## Isn’t negative infinity small?

Studying limits again, this time a pair was finding a limit that they said got very small, but then wrote negative infinity instead of zero. When I acknowledged the difficulty of this question, one student mocked me “It’s not like I asked you a touchy subject!”  I laughed and explained that negative infinity has large absolute value, so it is a large negative number.  His partner protested “but negative numbers are small!” so I countered with “If you owe someone 100 dollars is that a lot?” They both concurred that it is, so maybe my explanation was valid.  The original student wanted a non-economic example though, and he proposed toothpicks (this kid cracks me up all the time).  Then I was stuck talking about the non-existence of negative toothpicks, unless we return to the concept of owing someone.  The entire conversation was amusing and I think I was moderately convincing this time.

How do you differentiate between small numbers and negative numbers?  We didn’t even include “less than” in our discussion…
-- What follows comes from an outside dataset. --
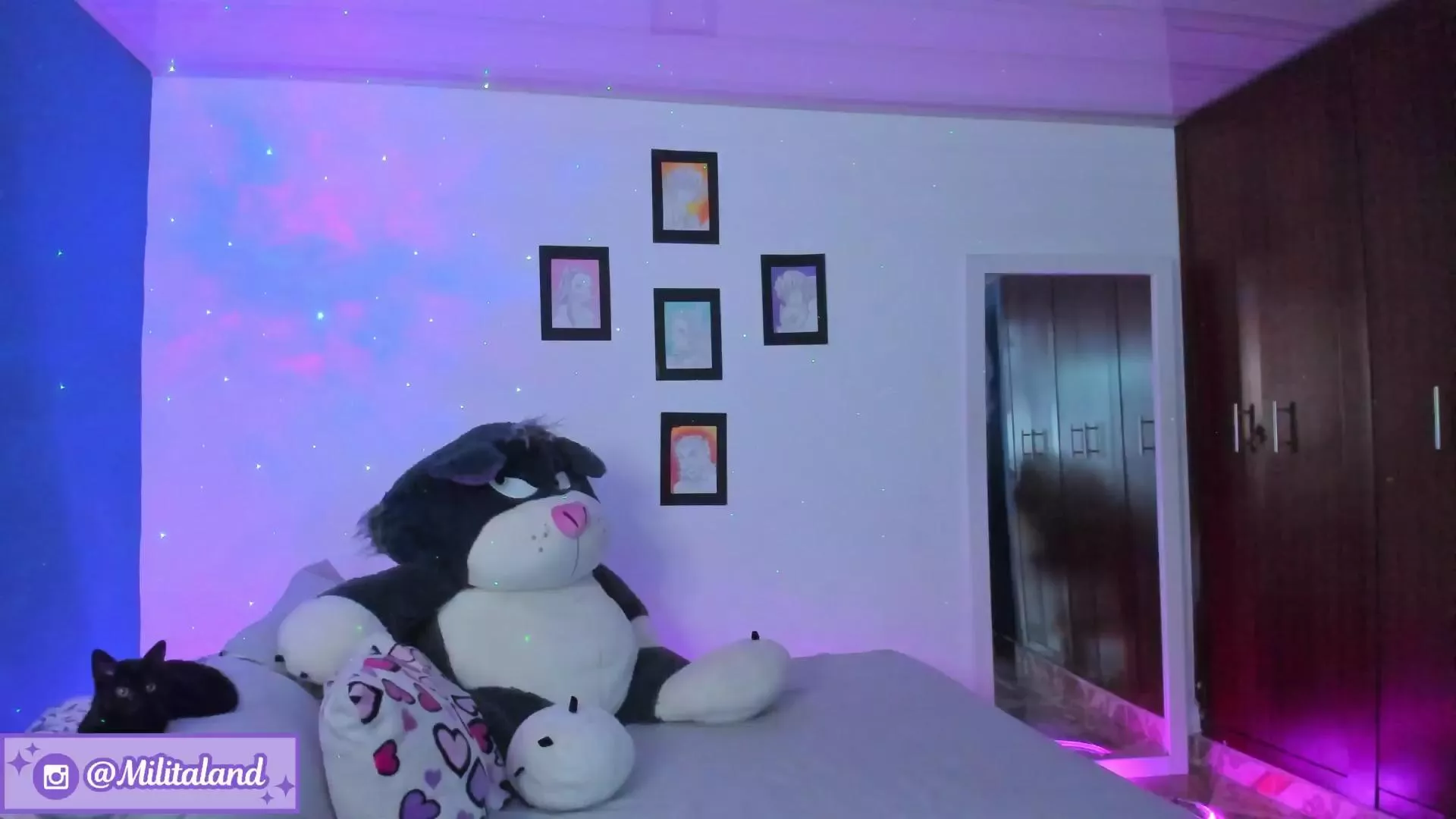 Milita_houston from Cam4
A student asked me “Is infinity a number?” while I was introducing limits.  My immediate response was “infinity is a concept” and I started talking about $\infty$ vs. $2\infty$.  I didn’t really know where I was going with that though, so I let the students debate for a bit and finally related the whole conversation back to the problem at hand.  The discussion was interesting, but other than acknowledging the difficulty of comprehending infinity, I didn’t contribute much (which is usually good, but I certainly didn’t provide clarity).